Last month, in her dissent in Yates v. U.S., Justice Kagan reminded us again of why she has earned a reputation for her readable, engaging, even entertaining opinions. Yates involved a prosecution of a fisherman under the Sarbanes-Oxley Act. After a federal agent found that the fisherman had some undersized red grouper in violation of federal regulations, the fisherman tossed his fish overboard to avoid being fined. He was charged with violating the provision of the Sarbanes-Oxley Act that prohibits the destruction of any “tangible object with the intent to impede, obstruct, or influence” a federal investigation. A five-justice majority held that the “tangible objects” protected in Sarbanes-Oxley, which Congress passed in 2002 in an effort to clean up the financial markets, did not include fish. Kagan, joined in dissent by Justices Kennedy, Scalia, and Thomas, disagreed. And she did so with her familiar mix of appeals to common sense and a touch of humor:
As the plurality must acknowledge, the ordinary meaning of “tangible object” is “a discrete thing that possesses physical form.” … A fish is, of course, a discrete thing that possesses physical form. See generally Dr. Seuss, One Fish Two Fish Red Fish Blue Fish (1960). So the ordinary meaning of the term “tangible object” in §1519, as no one here disputes, covers fish (including too-small red grouper).
This is apparently the first time Seuss has ever been cited in a Supreme Court opinion.
As Mark Wilson wrote in a piece in Findlaw on the justice’s “conversational tone,” Kagan has developed a distinctive voice on the bench. “Unlike justices of years past,” he writes, “Kagan seems to want more public involvement in the Court. Conversational, understandable language breaks down the barriers between judges and everyone else.” Laura Krugman Ray wrote an essay last year examining Kagan’s “remarkably conversational” style of writing. “She employs a range of rhetorical strategies to speak directly to the reader, suggesting that her enterprise is less indoctrination than a more congenial mode of persuasion. Leavening her legal prose with colloquial diction, she engages the reader in something approaching an informational, if one-sided, chat.” Ray contrasts this conversational style with Justice Scalia’s “indignant” style, in which he addresses the reader as “a man of common sense whose patience is tried beyond endurance by the follies of his colleagues.” If Scalia is the fiery orator, pronouncing the one true path and denouncing any deviation from it, Kagan is the supportive but challenging teacher. “I approach opinion writing much as I used to approach the classroom,” she has said.

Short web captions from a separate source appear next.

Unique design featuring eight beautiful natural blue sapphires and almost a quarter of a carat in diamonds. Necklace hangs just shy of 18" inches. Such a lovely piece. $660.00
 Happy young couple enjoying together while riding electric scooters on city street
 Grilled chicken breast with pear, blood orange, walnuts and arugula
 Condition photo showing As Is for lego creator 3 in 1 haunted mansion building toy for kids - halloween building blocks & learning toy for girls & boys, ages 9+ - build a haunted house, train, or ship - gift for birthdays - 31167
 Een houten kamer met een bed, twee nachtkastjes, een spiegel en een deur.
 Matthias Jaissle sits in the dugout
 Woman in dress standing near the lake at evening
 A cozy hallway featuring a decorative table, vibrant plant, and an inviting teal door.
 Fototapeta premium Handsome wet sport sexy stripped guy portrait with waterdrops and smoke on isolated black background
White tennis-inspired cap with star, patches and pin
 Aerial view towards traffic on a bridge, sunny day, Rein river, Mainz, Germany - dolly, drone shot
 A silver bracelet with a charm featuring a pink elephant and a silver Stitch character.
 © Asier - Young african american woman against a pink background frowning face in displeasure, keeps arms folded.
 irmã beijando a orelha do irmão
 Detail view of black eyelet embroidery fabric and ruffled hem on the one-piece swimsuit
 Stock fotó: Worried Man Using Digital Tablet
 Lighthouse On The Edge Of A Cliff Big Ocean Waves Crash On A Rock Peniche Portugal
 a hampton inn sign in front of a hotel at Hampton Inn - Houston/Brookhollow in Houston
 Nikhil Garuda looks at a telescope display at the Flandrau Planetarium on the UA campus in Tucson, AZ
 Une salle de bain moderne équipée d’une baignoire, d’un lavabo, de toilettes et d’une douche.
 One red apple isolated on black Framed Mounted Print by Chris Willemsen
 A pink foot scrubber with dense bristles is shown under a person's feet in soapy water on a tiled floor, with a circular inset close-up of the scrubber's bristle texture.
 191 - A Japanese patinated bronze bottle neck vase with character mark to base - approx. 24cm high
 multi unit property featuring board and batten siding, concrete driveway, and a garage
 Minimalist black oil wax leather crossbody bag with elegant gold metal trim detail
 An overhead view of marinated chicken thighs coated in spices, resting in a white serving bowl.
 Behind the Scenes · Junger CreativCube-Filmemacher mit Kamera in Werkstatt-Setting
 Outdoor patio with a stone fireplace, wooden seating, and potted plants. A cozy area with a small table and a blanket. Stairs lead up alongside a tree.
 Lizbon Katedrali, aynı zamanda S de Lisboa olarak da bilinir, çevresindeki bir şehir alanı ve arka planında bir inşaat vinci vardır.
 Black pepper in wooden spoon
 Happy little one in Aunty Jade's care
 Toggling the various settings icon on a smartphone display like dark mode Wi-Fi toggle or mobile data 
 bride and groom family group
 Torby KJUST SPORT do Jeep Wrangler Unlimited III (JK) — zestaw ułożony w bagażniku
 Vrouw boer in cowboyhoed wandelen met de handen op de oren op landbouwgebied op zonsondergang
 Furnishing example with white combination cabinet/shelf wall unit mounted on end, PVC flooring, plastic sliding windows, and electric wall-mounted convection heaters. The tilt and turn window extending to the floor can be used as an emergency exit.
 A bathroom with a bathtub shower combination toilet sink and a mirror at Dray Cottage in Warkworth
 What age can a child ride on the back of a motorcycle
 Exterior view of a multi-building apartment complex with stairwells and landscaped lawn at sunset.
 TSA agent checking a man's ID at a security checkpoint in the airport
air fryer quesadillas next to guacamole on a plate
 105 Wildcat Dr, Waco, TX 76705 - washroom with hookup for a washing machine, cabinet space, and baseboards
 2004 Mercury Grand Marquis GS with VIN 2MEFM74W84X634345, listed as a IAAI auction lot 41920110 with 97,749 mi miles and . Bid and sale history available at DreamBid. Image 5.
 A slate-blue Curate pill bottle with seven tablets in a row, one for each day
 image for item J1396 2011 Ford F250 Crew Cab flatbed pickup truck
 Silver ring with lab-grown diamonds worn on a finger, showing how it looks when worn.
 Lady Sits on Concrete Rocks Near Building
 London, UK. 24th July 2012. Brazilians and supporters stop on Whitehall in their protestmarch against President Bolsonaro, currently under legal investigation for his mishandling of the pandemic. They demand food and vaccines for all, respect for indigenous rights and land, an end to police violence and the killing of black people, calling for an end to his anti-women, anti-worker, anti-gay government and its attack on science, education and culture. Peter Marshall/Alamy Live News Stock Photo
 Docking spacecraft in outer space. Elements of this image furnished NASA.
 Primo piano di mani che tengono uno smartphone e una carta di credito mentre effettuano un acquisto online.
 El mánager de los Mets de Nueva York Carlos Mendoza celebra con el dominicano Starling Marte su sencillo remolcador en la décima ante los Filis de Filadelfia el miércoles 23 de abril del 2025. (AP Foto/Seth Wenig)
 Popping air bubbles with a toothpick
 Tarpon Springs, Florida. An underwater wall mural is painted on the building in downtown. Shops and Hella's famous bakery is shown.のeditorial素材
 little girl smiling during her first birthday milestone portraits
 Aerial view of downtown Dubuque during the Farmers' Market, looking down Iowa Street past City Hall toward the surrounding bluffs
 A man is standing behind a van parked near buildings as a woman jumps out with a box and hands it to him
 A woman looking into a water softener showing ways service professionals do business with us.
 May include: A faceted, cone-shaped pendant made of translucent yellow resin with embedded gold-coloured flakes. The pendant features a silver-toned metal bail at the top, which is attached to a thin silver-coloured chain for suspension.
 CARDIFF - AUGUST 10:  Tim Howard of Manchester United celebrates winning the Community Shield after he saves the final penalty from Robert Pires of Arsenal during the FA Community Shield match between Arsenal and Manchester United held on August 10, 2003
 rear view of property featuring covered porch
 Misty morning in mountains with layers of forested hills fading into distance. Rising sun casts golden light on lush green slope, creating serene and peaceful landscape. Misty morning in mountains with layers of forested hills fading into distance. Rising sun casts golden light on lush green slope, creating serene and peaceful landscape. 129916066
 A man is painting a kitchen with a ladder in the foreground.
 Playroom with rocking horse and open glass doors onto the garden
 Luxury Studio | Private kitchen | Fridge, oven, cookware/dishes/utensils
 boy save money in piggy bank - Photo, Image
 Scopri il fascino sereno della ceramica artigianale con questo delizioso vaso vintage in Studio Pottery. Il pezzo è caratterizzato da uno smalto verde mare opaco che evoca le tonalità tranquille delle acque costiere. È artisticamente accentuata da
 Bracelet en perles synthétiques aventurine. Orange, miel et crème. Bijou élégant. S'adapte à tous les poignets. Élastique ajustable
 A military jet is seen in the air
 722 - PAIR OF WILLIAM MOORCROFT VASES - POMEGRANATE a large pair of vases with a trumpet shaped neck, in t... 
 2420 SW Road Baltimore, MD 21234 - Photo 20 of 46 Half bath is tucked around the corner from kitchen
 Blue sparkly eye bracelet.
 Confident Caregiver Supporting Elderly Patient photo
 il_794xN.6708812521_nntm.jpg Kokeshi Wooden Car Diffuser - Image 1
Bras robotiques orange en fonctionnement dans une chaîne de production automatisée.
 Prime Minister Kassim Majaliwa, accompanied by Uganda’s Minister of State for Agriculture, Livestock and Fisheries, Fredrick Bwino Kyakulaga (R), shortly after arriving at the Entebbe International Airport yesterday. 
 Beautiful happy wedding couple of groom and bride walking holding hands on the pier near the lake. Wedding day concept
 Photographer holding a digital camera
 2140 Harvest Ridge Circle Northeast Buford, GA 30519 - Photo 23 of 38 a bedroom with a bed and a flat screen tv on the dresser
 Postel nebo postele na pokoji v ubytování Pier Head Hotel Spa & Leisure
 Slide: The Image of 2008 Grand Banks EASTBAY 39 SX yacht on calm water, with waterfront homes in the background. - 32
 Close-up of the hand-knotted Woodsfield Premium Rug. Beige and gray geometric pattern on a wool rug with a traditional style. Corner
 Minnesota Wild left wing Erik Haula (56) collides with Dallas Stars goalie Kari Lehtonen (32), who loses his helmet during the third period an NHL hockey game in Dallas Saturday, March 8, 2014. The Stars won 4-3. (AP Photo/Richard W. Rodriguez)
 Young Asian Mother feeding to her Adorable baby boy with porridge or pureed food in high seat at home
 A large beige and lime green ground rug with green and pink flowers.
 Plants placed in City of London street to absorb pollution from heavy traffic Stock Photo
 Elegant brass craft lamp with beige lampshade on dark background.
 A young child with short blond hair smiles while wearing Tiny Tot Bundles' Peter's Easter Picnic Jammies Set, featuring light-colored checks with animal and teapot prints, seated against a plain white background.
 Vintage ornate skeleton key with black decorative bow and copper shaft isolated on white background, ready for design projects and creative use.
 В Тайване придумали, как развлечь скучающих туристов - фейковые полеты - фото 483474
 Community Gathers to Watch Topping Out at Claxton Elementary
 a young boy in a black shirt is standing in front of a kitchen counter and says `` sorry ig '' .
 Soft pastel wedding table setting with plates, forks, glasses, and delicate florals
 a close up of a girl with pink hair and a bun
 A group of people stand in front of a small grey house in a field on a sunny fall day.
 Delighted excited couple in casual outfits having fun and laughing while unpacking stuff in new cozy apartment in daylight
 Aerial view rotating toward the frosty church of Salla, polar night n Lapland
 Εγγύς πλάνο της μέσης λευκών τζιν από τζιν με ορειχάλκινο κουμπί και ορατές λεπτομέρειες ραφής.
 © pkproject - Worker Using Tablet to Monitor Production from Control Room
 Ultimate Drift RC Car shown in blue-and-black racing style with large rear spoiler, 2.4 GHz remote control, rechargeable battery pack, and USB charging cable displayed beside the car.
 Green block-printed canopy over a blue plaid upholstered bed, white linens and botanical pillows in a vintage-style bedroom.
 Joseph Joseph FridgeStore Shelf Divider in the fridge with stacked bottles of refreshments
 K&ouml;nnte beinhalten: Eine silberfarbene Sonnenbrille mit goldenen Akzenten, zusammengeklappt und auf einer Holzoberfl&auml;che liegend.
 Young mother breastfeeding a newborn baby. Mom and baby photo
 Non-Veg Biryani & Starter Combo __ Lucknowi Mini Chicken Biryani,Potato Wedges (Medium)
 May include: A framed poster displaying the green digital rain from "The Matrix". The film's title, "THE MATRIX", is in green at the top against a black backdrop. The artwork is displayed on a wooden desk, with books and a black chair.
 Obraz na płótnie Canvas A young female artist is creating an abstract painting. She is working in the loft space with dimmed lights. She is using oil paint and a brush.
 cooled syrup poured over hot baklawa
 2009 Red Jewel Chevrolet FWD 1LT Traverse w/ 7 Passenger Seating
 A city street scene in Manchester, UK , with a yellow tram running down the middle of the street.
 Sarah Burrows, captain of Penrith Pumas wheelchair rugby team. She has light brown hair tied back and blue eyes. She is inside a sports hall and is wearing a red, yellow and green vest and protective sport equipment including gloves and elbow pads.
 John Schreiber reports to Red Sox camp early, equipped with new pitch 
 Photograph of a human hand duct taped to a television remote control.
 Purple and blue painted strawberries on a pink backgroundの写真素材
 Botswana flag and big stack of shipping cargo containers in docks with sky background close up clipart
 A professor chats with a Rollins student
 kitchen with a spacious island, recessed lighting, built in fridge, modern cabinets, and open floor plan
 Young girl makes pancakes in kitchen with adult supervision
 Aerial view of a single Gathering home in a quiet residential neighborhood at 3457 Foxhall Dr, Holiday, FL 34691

Kagan’s efforts to engage her readers, to bring them into her line of thinking by this subtle form of persuasion, brings two points to my mind. First, a point of historical perspective. How distinctive and innovative is her approach to writing opinions? Contrary to Wilson’s suggestion that she is breaking from a pattern set by “justices of years past,” it would seem that there have always been justices who seek to engage an audience broader than the community of legal professionals. The famously aphoristic style of Justice Holmes was intended to speak to a broader audience, as were the stylish phrasings of Justice Jackson. Chief Justice Warren lacked the artistry of Holmes or Jackson, but his writing had a certain directness that transcended the language of bench and bar—sometimes quite self-consciously so, as when he wrote the Brown decision with the goal of making it short, readable, and non-accusatory. Among the justices from the not-too-distant past, Hugo Black might be the one who best represents a tradition of writing direct, accessible judicial prose. All of this is to say that while Justice Kagan is certainly charting her own course by crafting a writing style appropriate for present-day sensibilities, the goal of writing opinions for a broader audience is far from new.
This brings me to a second point: Who is Justice Kagan writing for? Does the style of writing affect the quantity or quality of public discourse surrounding Court opinions? It is hard not to admire efforts of justices to break out from the over-long, stilted, legalistic rhetorical conventions of legal opinions. If nothing else, her colorful style helps to hold the attention of the tired law student reading a casebook in the wee hours of the night. It livens up the blogosphere for a few days. It will enhance her reputation in the history books. In the end, however, does it really achieve what I assume is Kagan’s primary intention, which is to reach out and persuade a broader audience? It is hard to know, of course. As is generally the case when it comes to examining the relationship between the justices and the American people, the communication pathways between the Court and its potential audiences are complex and often dysfunctional. Regardless, Justice Kagan should be applauded for making an effort to break through these obstacles.